According to a report in The Washington Post, Obama also warned Pakistan that its use of insurgent groups for policy goals "cannot continue" and called for closer collaboration against all extremist groups. He named five such groups — Al Qaida, the Afghan Taliban, the Haqqani network, Lashkar-e-Taiba (LeT) and Tehrik-e-Taliban. "Using vague diplomatic language, he said that ambiguity in Pakistan's relationship with any of them could no longer be ignored," the report said.

In exchange for a change of tack, Pakistan has been promised better ties with the US and an offer to help with the efforts to normalise its relations with India. It is probably the first time that a US president is making India an instrument in stabilising the Pakistan-Afghanistan region. From the point of view of the US, it's a good tactic, because it eliminates the room for India to complain, while taking Pakistan's primary ``concern'' on board.

According to the Post report, US national security advisor Jim Jones recently travelled to Pakistan to deliver a blunt message — ``if Pakistan cannot deliver, the United States may be impelled to use any means at its disposal to rout insurgents based along Pakistan's western and southern borders with Afghanistan''.

The US already deploys Hellfire missiles from Predator drones, and the threat is to escalate these attacks.

In return for Pakistan changing its strategic trajectory, Obama has promised a more enhanced US-Pakistan relationship, including working on India.

While Obama's message in the two-page letter that Jones carried to Pakistan marks an interesting development, translating the tough intent into action may not be easy, according to experts.

For the immediate future, the US will find it very difficult to get Pakistan to change its strategic course, unless it becomes clear to Pakistan that the alternative is far worse.
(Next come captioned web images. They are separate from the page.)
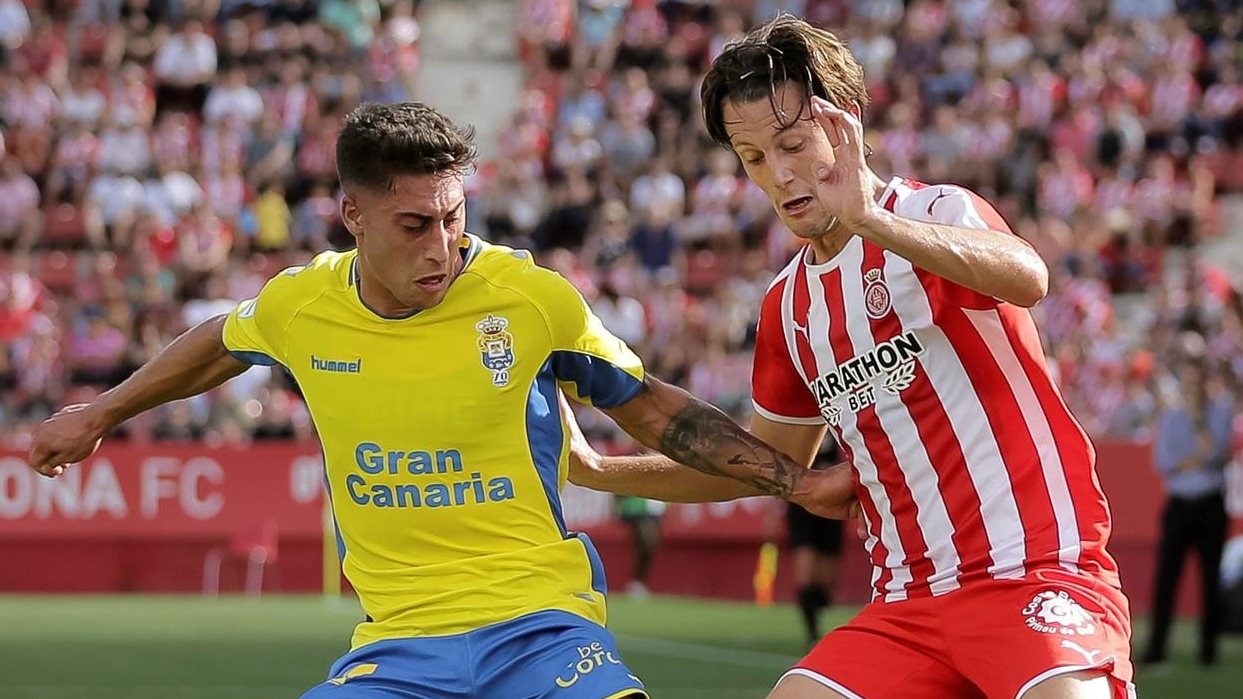 Jugó 191 partidos en España, nunca debutó en Primera y sueña con la Champions en Kazajistán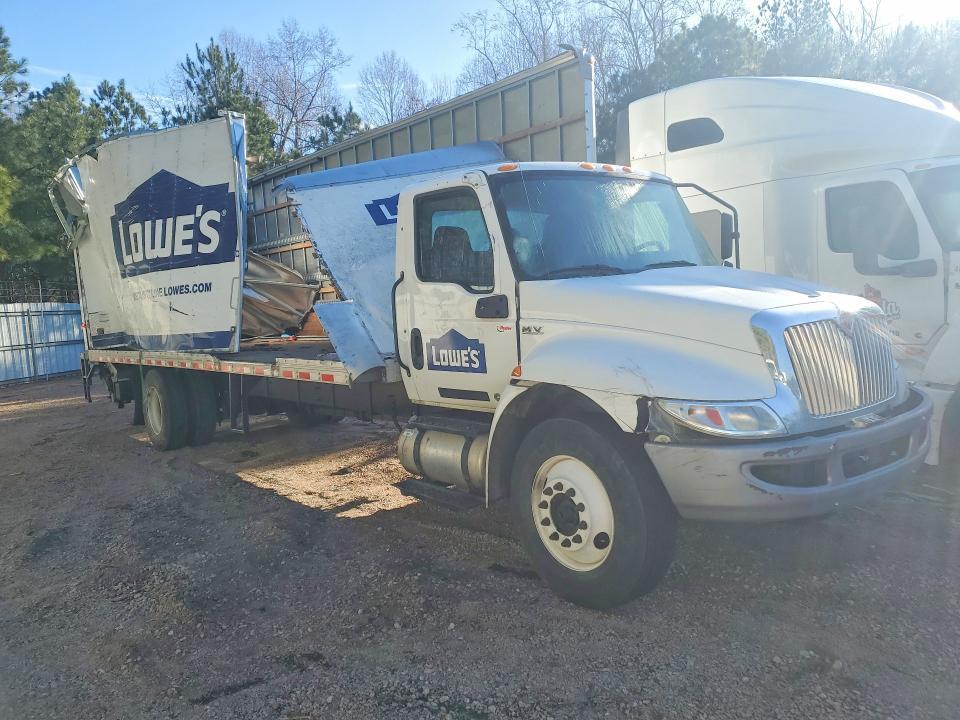 2020 International MV607 BOX Truck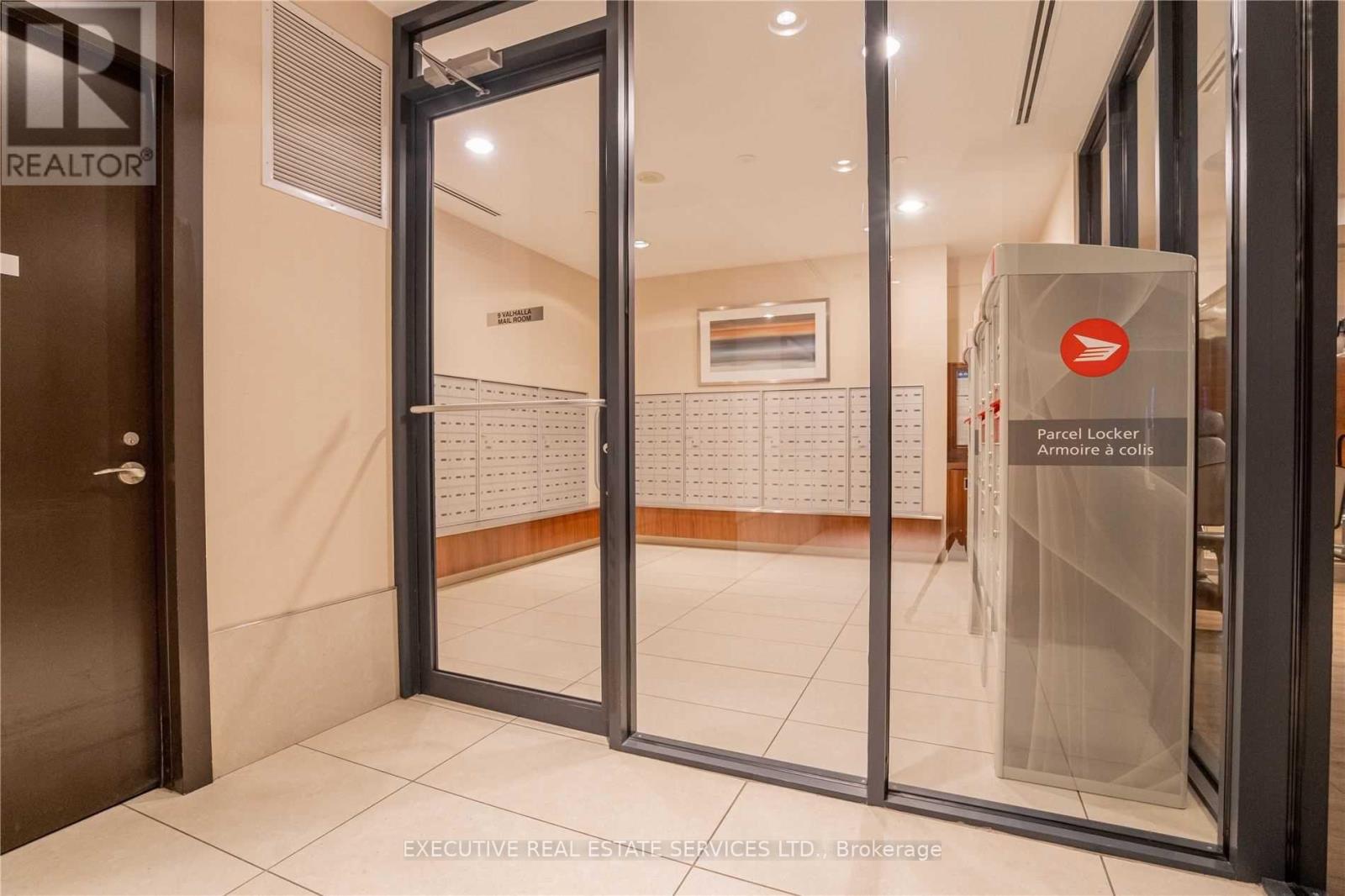 906 - 9 Valhalla Inn Road, Toronto, Ontario  M9B 0B2 - Photo 24 - W12849446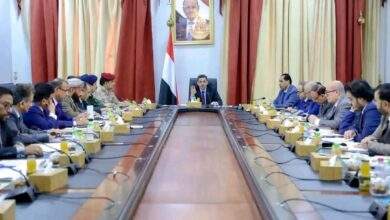 بيان صادر عن الحكومة الشرعية بشأن العدوان الاسرائيلي على الحديدة 9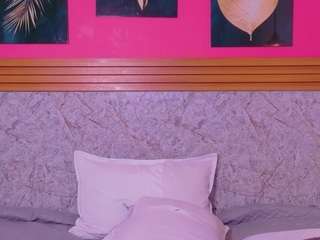 kinkyandsavage webcam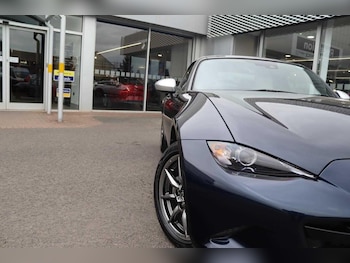 Used Mazda MX-5 2021 for sale - 76024320: Photo 2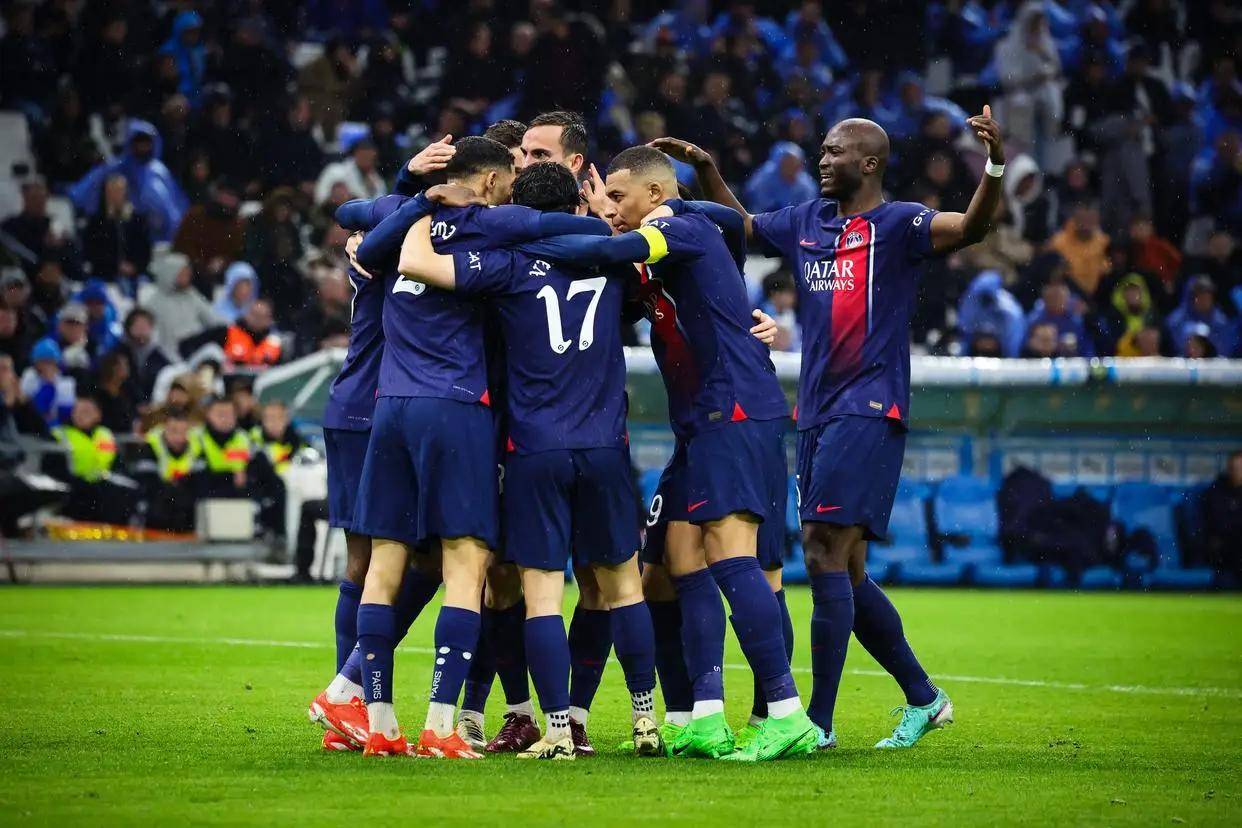 足球赛场上的较量激发出球员们最激烈的竞争！的简单介绍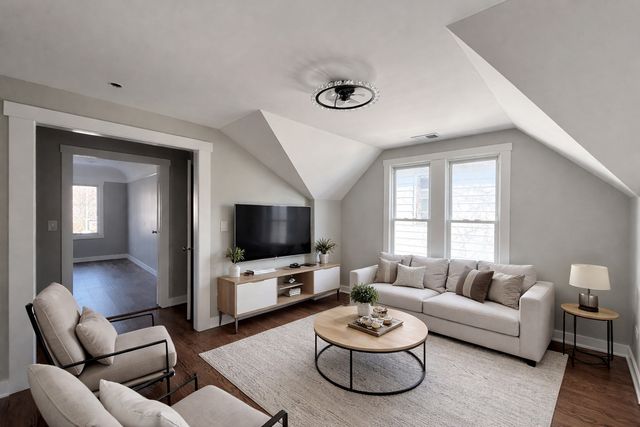 315 W 111th Street 2, Chicago, IL 60628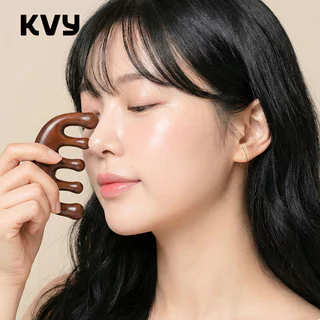 KVY Wooden Scalp Massage Comb หวีไม้นวดศีรษะ เควีวาย สัมผัสผ่อนคลาย ดีไซน์โค้งมนเพื่อสุขภาพที่ดีของหนังศีรษะ.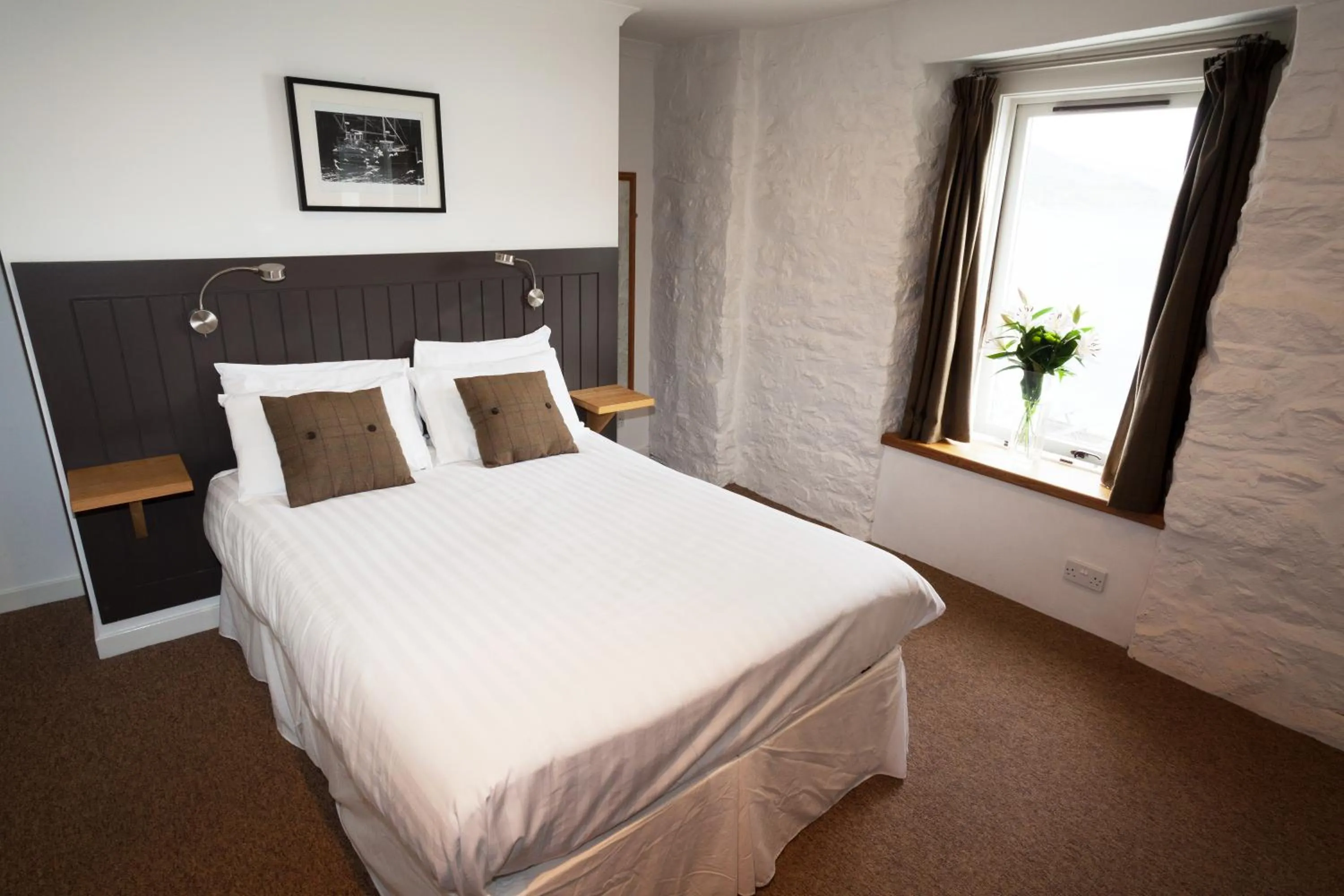 Bedroom, Bed in The Arch Inn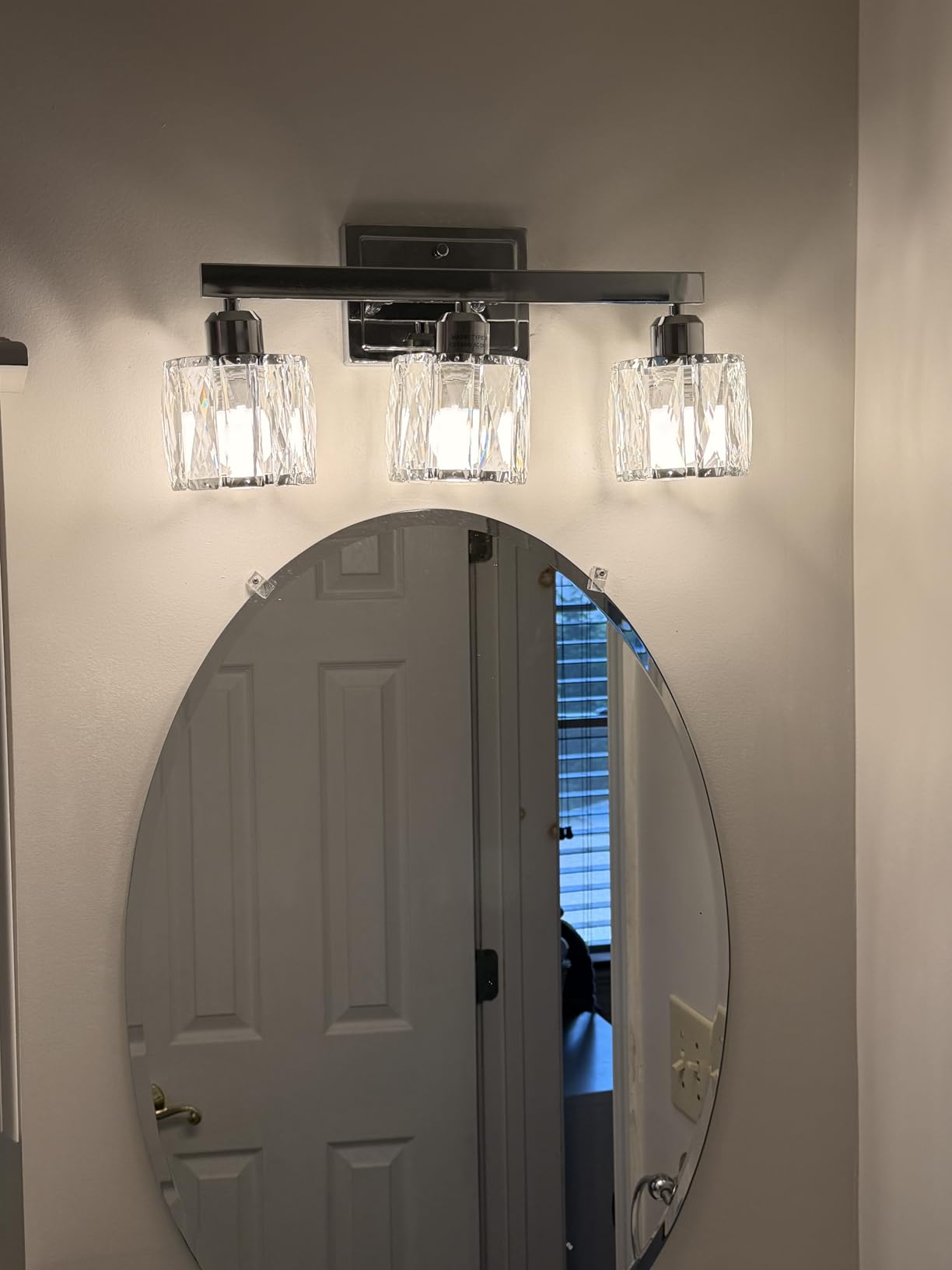 VOLISUN Crystal Vanity Lights for Bathroom, 6 Light Bathroom Vanity Light, Modern Stainless Steel Bathrooms Lights Over Mirror, Chrome Bathrooms Lights Fixtures - UL Certificated customer photo 2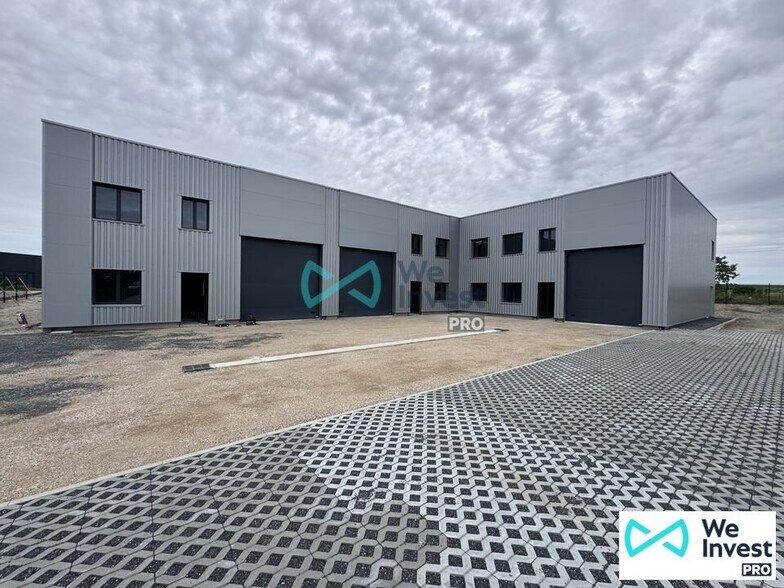 Flex in Bétheny for sale - Building Photo - Image 2 of 5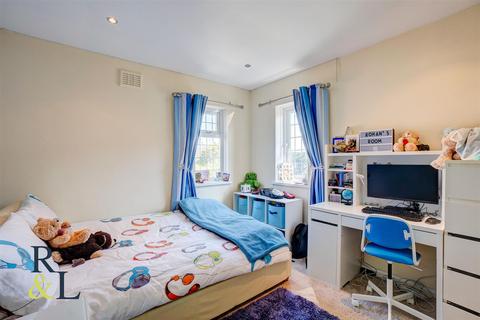 20 Showell Lane, Wolverhampton, WV4 4UA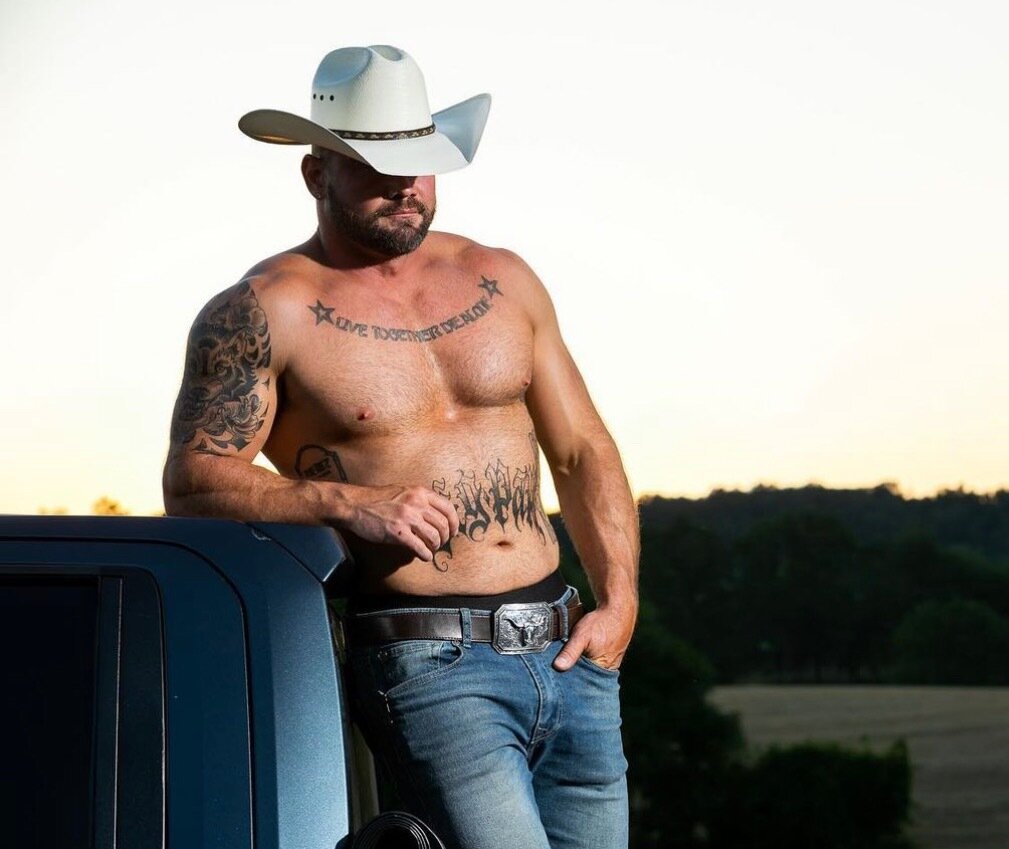 Dadbodz520 (@dadbodz520), OnlyFans creator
But to expect Pakistan's intelligence-military complex to give up its connections with the carefully built-up jihad factory is a tall order, particularly if Pakistan feels the loss of its "strategic depth" in Afghanistan.

The letter, hand delivered by Jones, offers Pakistan enhancement of strategic partnership if they act as wished by the US, besides additional military and economic aid. The US also promised to work to improve relations with India.

The key to Obama's Afghanistan strategy will hinge almost completely on whether US can get Pakistan to change its strategy. So far, Pakistan has lurched from crisis to political crisis, the current one threatening to claim the head of Zardari. To that extent, how effective will Obama's letter be, ask Indian analysts.

Ultimately, the carrot-stick approach can only be applied to the military, which, in turn could undermine America's declared policy of supporting the civilian government in Pakistan.

The Post said, "Obama's speech Tuesday night at the US Military Academy at West Point, New York, will address primarily the Afghanistan aspects of the strategy. But despite the public and political attention focused on the number of new troops, Pakistan has been the hot core of the months-long strategy review. The long-term consequences of failure there, the review concluded, far outweigh those in Afghanistan." Senior officials are quoted as saying the US was playing a "cat-and-mouse game with Pakistan" for some time.

Pakistan realises it is vital to the successful execution of Obama's "war of necessity" and is likely to push for greater manouvering space, as it has, successfully, all these years. The US policy to Pakistan thus far was built around incentives, without anything on what would happen if Pakistan did not act.

Pakistan's role is showing up in stark form. British PM Gordon Brown, after saying some time back that 75% of terror attacks in the UK have a Pakistan connection, told a TV interviewer, "People are going to ask why, eight years after 2001, Osama bin Laden has never been near to being caught."

"Al Qaida has a base in Pakistan," Brown said in an interview with Sky News. "That base is still there, they are able to recruit from abroad. The Pakistan authorities must convince us that they are taking all the action that is necessary to deal with that threat."
Some in India see that, maybe, that could be changing.